EXERCISE AIM. The lines below that include "with" are to be found and copied.

BEGIN

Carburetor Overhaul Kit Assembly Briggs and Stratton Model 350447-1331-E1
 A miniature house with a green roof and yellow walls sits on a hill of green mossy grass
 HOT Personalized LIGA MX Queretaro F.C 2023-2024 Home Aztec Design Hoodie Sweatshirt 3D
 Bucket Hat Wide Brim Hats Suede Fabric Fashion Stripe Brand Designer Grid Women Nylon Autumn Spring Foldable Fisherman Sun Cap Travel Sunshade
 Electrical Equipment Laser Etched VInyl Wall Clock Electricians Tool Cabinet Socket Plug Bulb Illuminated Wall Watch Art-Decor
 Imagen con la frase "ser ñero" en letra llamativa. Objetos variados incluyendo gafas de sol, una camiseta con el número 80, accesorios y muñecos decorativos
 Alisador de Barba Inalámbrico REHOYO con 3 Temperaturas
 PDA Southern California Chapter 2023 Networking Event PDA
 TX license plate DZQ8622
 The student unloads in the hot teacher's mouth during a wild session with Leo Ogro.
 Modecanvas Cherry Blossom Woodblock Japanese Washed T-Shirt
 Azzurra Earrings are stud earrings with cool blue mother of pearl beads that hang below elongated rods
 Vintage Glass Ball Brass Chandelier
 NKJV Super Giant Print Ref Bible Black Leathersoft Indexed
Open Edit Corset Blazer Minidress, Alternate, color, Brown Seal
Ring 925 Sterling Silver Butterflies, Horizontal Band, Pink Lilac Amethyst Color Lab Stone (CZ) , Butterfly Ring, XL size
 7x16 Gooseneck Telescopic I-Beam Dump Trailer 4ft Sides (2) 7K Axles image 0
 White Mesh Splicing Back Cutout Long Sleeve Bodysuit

END

YOUR SOLUTION.
 A miniature house with a green roof and yellow walls sits on a hill of green mossy grass
 The student unloads in the hot teacher's mouth during a wild session with Leo Ogro.
 Azzurra Earrings are stud earrings with cool blue mother of pearl beads that hang below elongated rods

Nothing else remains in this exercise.